Me parece que el surgimiento de la superpotencia y la declinación del poder de los
estados europeos justifican prestar mayor atención a las vicisitudes de la política
estadunidense. Se proclama a los Estados Unidos no simplemente como “la mayor
potencia en la historia mundial”, sino, paradójicamente, como el mejor ejemplo de una
democracia exitosa. En consecuencia, he examinado de manera crítica el supuesto de que
la superpotencia y el imperio son sustancialmente compatibles con la democracia.

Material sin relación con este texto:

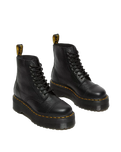 The Dr Martens Womens Sinclair Milled Nappa Leather Platform Boots in Black Milled Napa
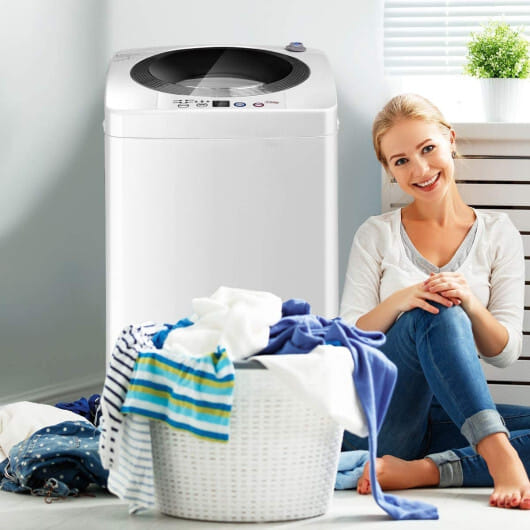 Costway Portable 7.7 lbs Automatic Laundry Washing Machine with Drain Pump - Color: White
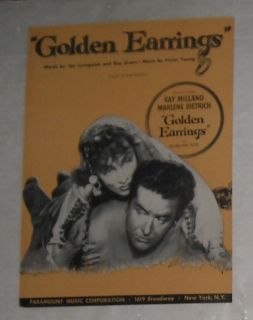 1946 Golden Earrings Soundtrack Sheet Music Dietrich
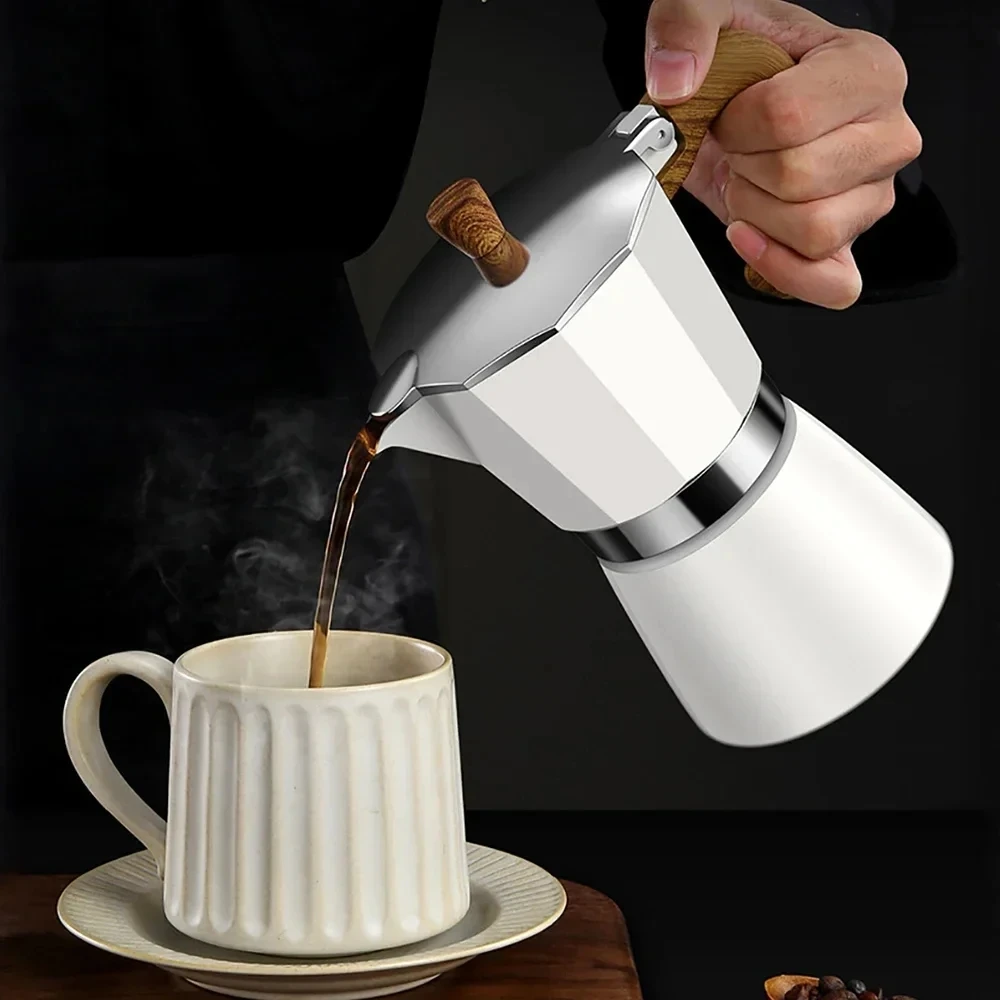 3/6 에스프레소 컵 빈티지 나무 손잡이 전기 에스프레소 머신 모카 포트 클래식 이탈리아 휴대용 카페 도구 주방 카페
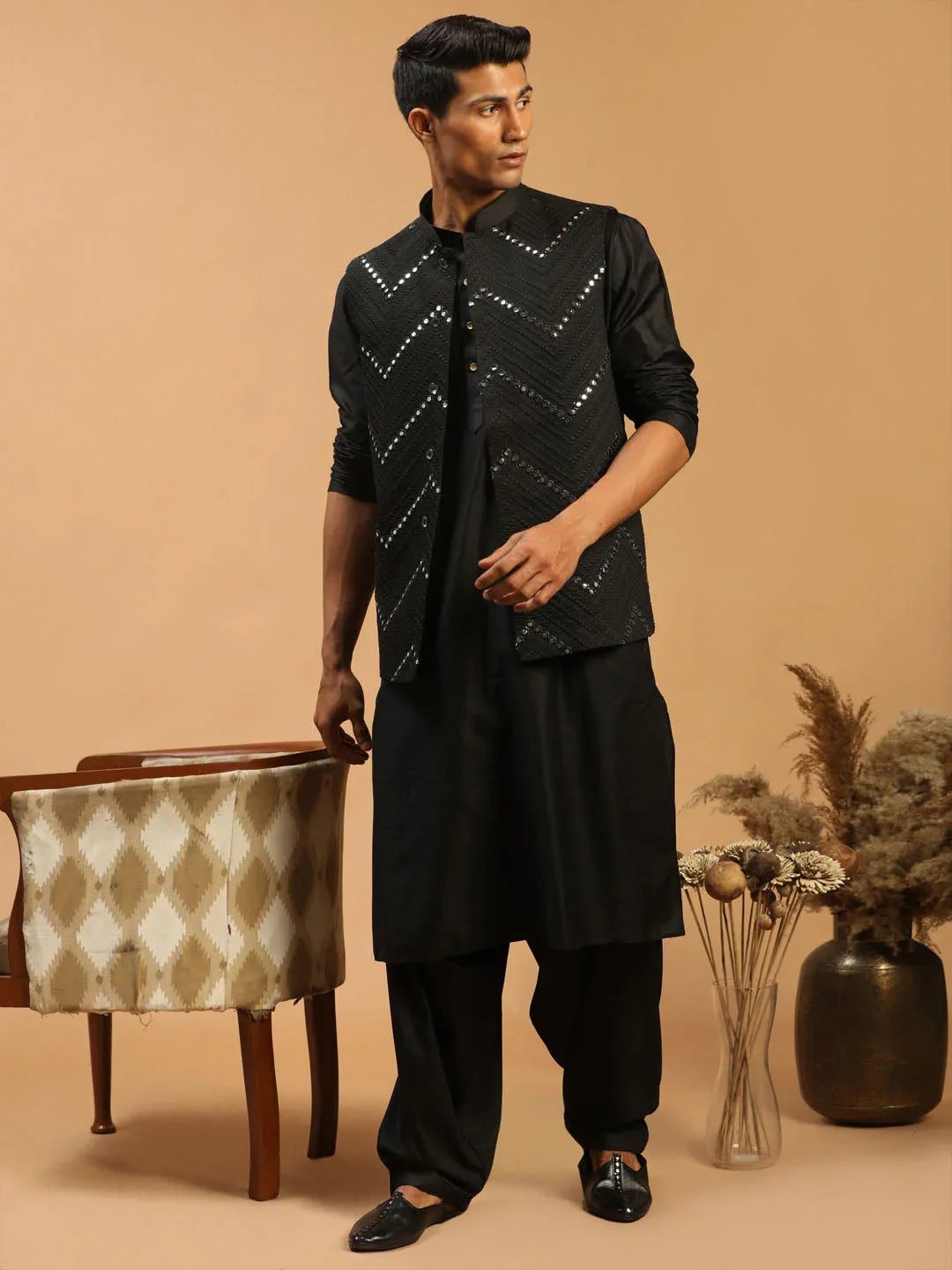 Men's Black Mirror Jacket With Kurta Patiala Set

No he intentado hacer una descripción detallada de los nuevos modos de teorizar que
han proliferado en los últimos años. En cambio, los capítulos nuevos se concentran en el
poder como el hecho político definitorio de los últimos 150 años, y en las formas en que
algunos teóricos destacados respondieron a su discusión, contribuyeron a ella o la
eludieron.
Por consiguiente, los capítulos dedicados a Marx y Nietzsche abordan,
respectivamente, los poderes económicos y culturales. He escogido a Marx para ilustrar
el compromiso teórico con “la economía” como un sistema totalizador, hipostasiado. Al
predecir la caída del capitalismo y el surgimiento del comunismo, Marx previó una forma
de capitalismo tan poderosa que, contrariamente a su expectativa, triunfó sobre el
comunismo. Sin embargo, Marx también debe ser recordado como el teórico moderno
que, al crear el concepto de proletariado, intentó revivir el ideal latente de un pueblo
políticamente activo. Nietzsche, de quien se puede decir que inventó la teoría de la
cultura como política, combinó vaticinios de dos polos opuestos: el totalitarismo y el
posmodernismo. El totalitarismo comunista, ya sea del tipo soviético o el chino,
originalmente siguió la interpretación moderna de revolución como un movimiento que se
identificaba con las clases débiles y explotadas contra las “clases gobernantes”
dominantes. El totalitarismo nazi representó una inversión exacta de la concepción
moderna de revolución. Como Nietzsche, se identificó con los fuertes y atacó a los
débiles: judíos, gitanos, eslavos, homosexuales, socialdemócratas, comunistas,
sindicalistas, enfermos, deformes y enfermos mentales.
Originalmente, la tarea histórica de combatir el totalitarismo correspondió al
liberalismo. Entre las décadas de 1930 y 1960, el liberalismo también sirvió como
conciencia política del capitalismo, esforzándose por controlar sus excesos y auxiliar a
sus víctimas. Durante la Guerra Fría y la cruzada contra el comunismo (1945-1988), el
impulso democrático social del liberalismo gradualmente decayó.4 El comienzo del siglo
XXI encontró a la política liberal a la deriva en un mar de centrismo; sus políticos se
declaran “fiscalmente conservadores, socialmente liberales”; sus teóricos hilan conceptos
cada vez más finos de los derechos y se explayan acerca de cómo “las deliberaciones
democráticas” podrían emular un seminario de filosofía para graduados. El estado actual
de la democracia ha sido preparado por una marcada declinación en la suerte política del
liberalismo y por la fragilidad de sus vínculos con los ideales democráticos.